▸ **AIM OF THE EXERCISE**: Within the entries below, please retype exactly the lines starting with the line that has "May include: Two" and going on through the line that has "a kitchen with", but not the pictures.

▸ **DATA SUPPLIED**:
__________

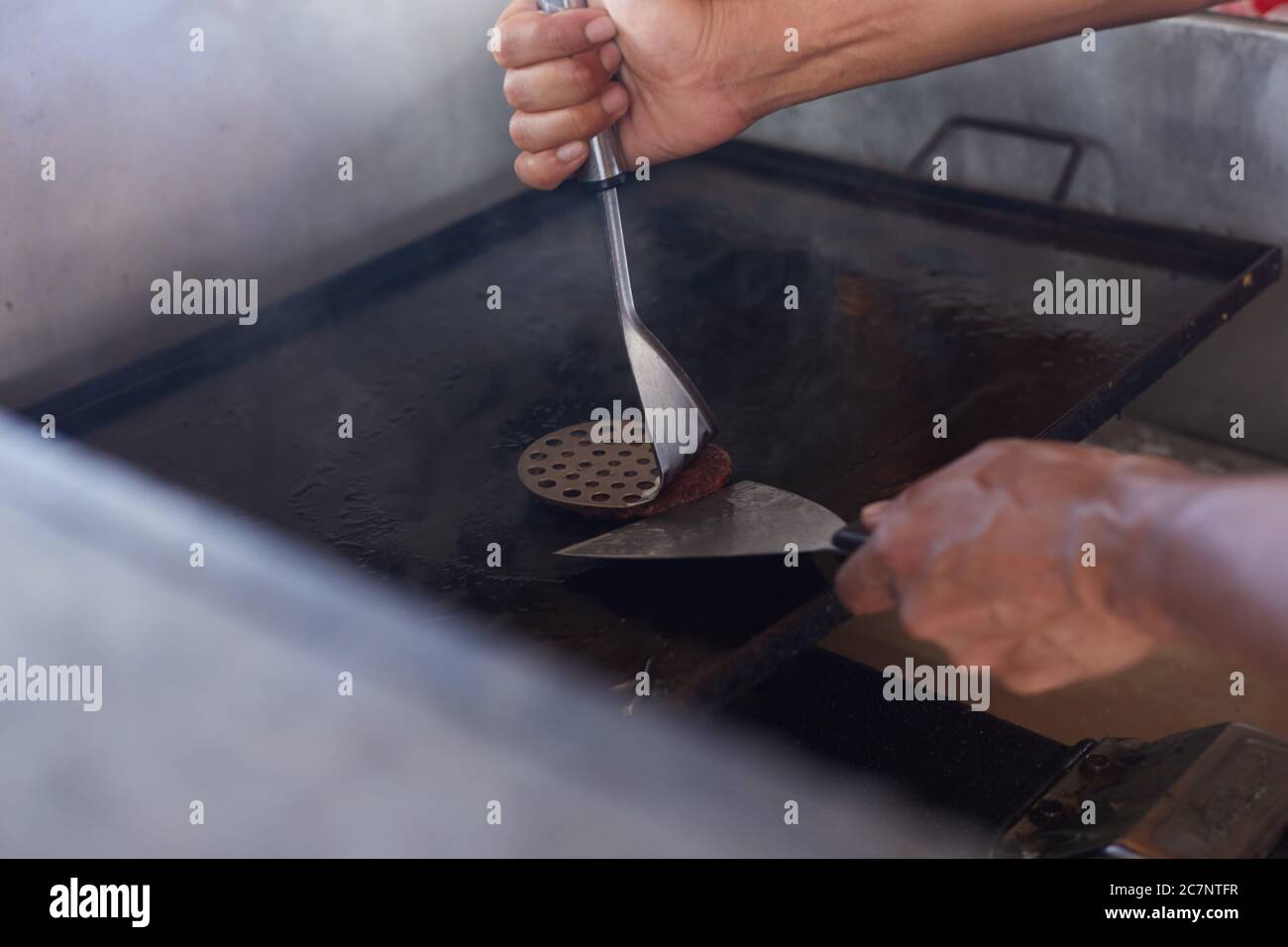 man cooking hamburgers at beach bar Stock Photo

__________

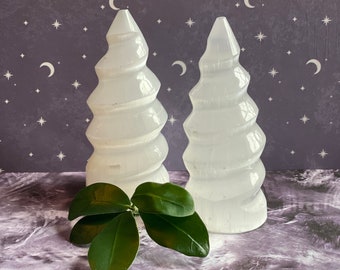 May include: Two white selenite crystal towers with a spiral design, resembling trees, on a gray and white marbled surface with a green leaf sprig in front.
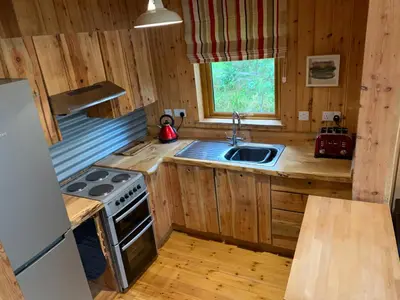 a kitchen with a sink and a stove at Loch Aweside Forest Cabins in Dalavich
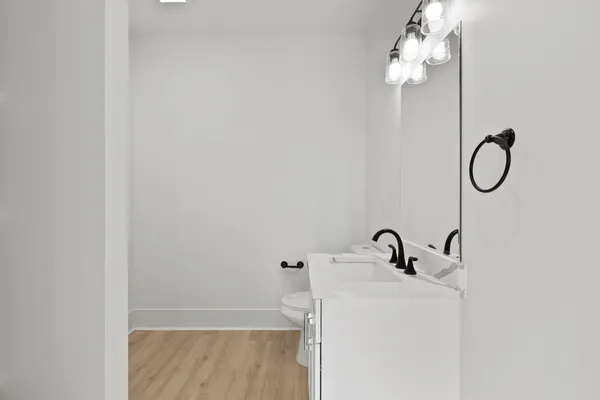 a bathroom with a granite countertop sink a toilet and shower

__________

▸ **SOLUTION BELOW**:
 May include: Two white selenite crystal towers with a spiral design, resembling trees, on a gray and white marbled surface with a green leaf sprig in front.
 a kitchen with a sink and a stove at Loch Aweside Forest Cabins in Dalavich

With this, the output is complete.